Output each record below exactly as it stands, leaving out the pictures.
___ The data ___
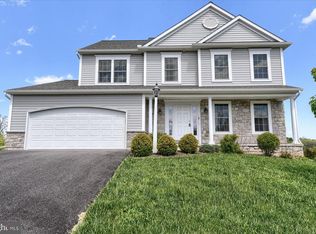 7050 Beaver Spring Rd, Harrisburg, PA 17111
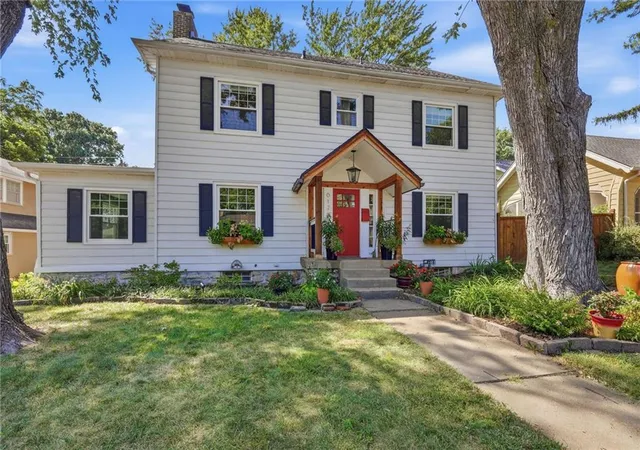 Single family home for sale at 6124 Oak St, Kansas City, MO 64113 | MLS# 2646246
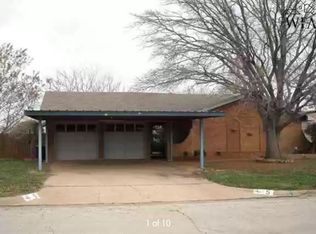 5 Surrey Cir, Iowa Park, TX 76367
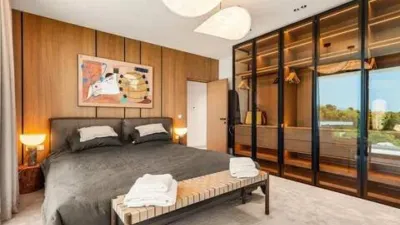 Chalet on Carrer Londres photo 12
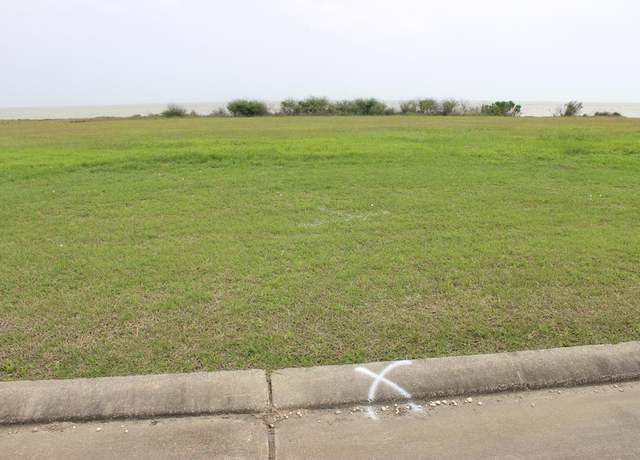Property at 3329 Bay Point Dr, Palacios, TX 77465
___
# Exercise output:
 7050 Beaver Spring Rd, Harrisburg, PA 17111
 Single family home for sale at 6124 Oak St, Kansas City, MO 64113 | MLS# 2646246
 5 Surrey Cir, Iowa Park, TX 76367
 Chalet on Carrer Londres photo 12
Property at 3329 Bay Point Dr, Palacios, TX 77465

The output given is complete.